Hier wird Stadtgeschichte geschrieben – All-You-Can-Paint-Festival ist eine große Chance für Halle-Ost

Veröffentlicht am 04.09.2012 in Kultur

Vom 01.09. bis zum 16.09.2012 stellt sich das Stadtentwicklungsprojekt Freiraumgalerie im Rahmen eines "Urban Art Festivals" vor. Die Jusos Halle (Saale) rufen alle Hallenserinnen und Hallenser auf, dem Festival und der Freiraumgalerie einen Besuch abzustatten und damit dem Projekt zum Erfolg zu verhelfen.

Bei der Festival-Eröffnung lobte Projektkoordinator Hendryk von Busse im Besonderen die Stadtverwaltung für ihre Offenheit gegenüber dem Projekt.

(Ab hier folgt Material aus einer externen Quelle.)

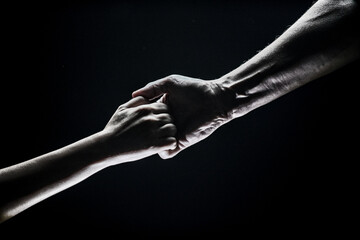 Helping hand outstretched, arm on salvation. Close up strong hand. Two hands, helping arm of a friend, teamwork. Rescue, power, helping gesture or hands. Black background.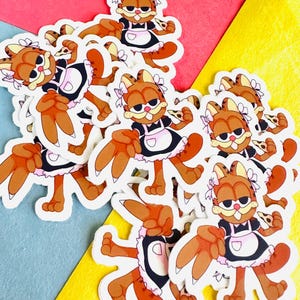 May include: A pile of stickers featuring a cartoon cat dressed as a maid holding a slice of pizza. The cat has orange fur, a pink bow, and a black and white maid outfit. The stickers are on a colorful background.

Vor Ort würde nun "Leerstand zu Lebensqualität". "Wir können stolz darauf sein, dass die Idee einer Freiraumgalerie bei uns in Halle Wirklichkeit wird." so Anika Knüppel, Vorstandsmitglied der Jusos Halle. "Es ist großartig zu erleben, wie eine Gruppe Engagierter ihre Vision hier umsetzen kann", so Anika Knüppel weiter.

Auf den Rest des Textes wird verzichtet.